Emergency : An unforeseen combination of
circumstances or the resulting state that calls for immediate
action in order to maintain or preserve the status quo of the
physical, operational or financial condition of the Premises or of
Borrower’s interests therein.
Environmental Indemnity Agreement
: That certain
Environmental Indemnity Agreement of even date herewith from
Borrower and Guarantor in favor of Lender.
Environmental Laws : As defined in the Environmental
Indemnity Agreement.
Environmental Reports
: The environmental
studies and reports identified on Exhibit B attached to the
Environmental Indemnity Agreement.
Event of
Default : One or more of the events or
occurrences referred to in Article 10 of this
Agreement.
Fixed
Charge Coverage Ratio : The quotient of the following: (a)
Borrower’s EBITDA less unfinanced Capital Expenditures
less Distributions less taxes divided by (b)
Debt Service.
GAAP : shall mean generally accepted accounting
principles set forth from time to time in the opinions and
pronouncements of the Accounting Principles Board and the American
Institute of Certified Public Accountants and statements and
pronouncements of the Financial Accounting Standards Board (or
agencies with similar functions of comparable stature and authority
within the U.S. accounting profession), which are applicable to the
circumstances as of the date of determination, provided, however,
that interim financial statements or reports shall be deemed in
compliance with GAAP despite the absence of footnotes and fiscal
year-end adjustments as required by GAAP.
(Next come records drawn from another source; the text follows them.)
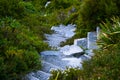 Stair walk way down to the village in Mt Cook National Park I Royalty Free Stock Photo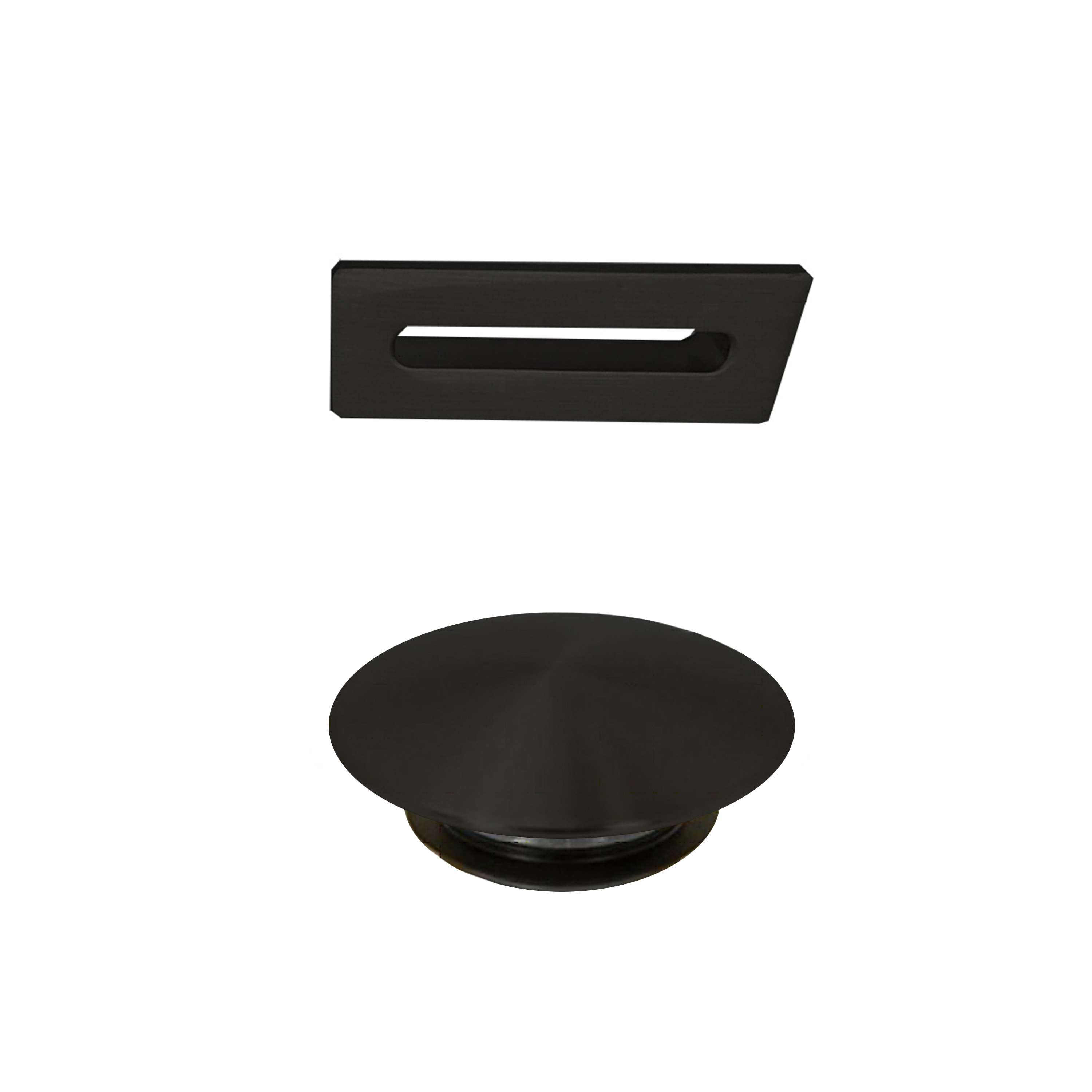 Drench Freestanding Bath Overflow Insert and Pop-Up Waste Cover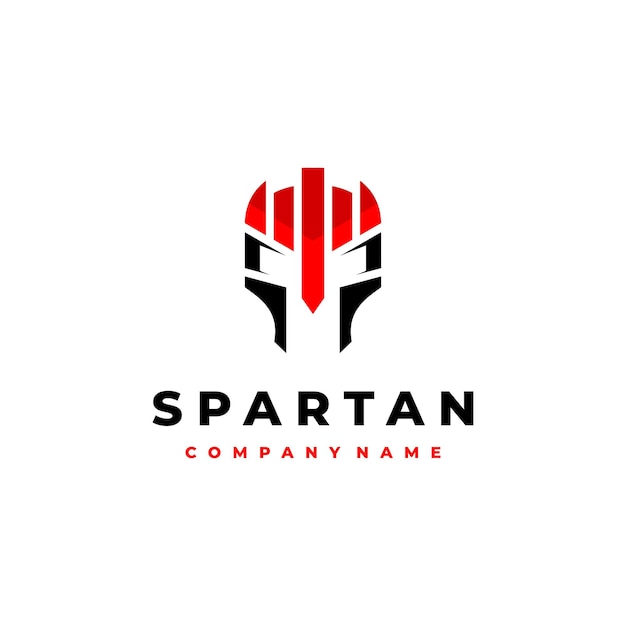 Plik wektorowy ilustracja wektorowa logo spartan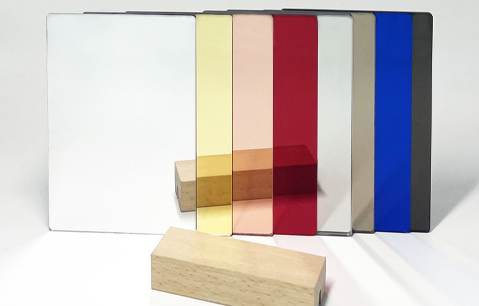 colored acrylic mirror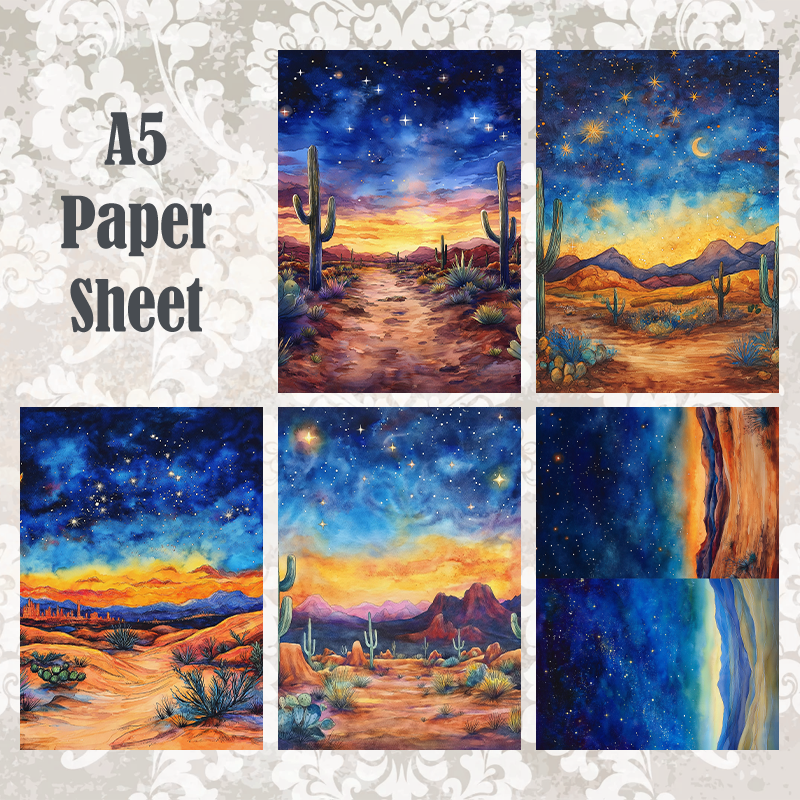 #5A196 POI Print A5 Cardstock Paper Set 10 Pcs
Guarantor : The Oaks Bradenton TRS, LLC, a
Delaware limited liability company.
Hazardous
Materials : As defined in the Environmental
Indemnity Agreement.
Indebtedness : Any obligation for borrowed money
or credit extended, including any guaranty by the Borrower, or any
installment sale or Capital Lease obligation, incurred or assumed
by Borrower including the indebtedness evidenced by this Loan
Agreement and the Loan Documents.
Interest
Charges : For any period, the sum of: (a) all
interest, charges and related expenses payable with respect to that
fiscal period to a lender in connection with borrowed money or the
deferred purchase price of assets that are treated as interest in
accordance with GAAP, plus (b) the portion of rent payable with
respect to that fiscal period under Capital Leases that should be
treated as interest in accordance with GAAP, plus (c) all charges
paid or payable (without duplication) during that period with
respect to any Interest Rate Agreements.
Interest
Rate Agreements :
shall mean any interest rate protection agreement, interest rate
swap or other interest rate hedge arrangement (other than any
interest rate cap or other similar agreement or arrangement
pursuant to which a Person has no credit exposure to the Lender) to
or under which the Person is a party or beneficiary.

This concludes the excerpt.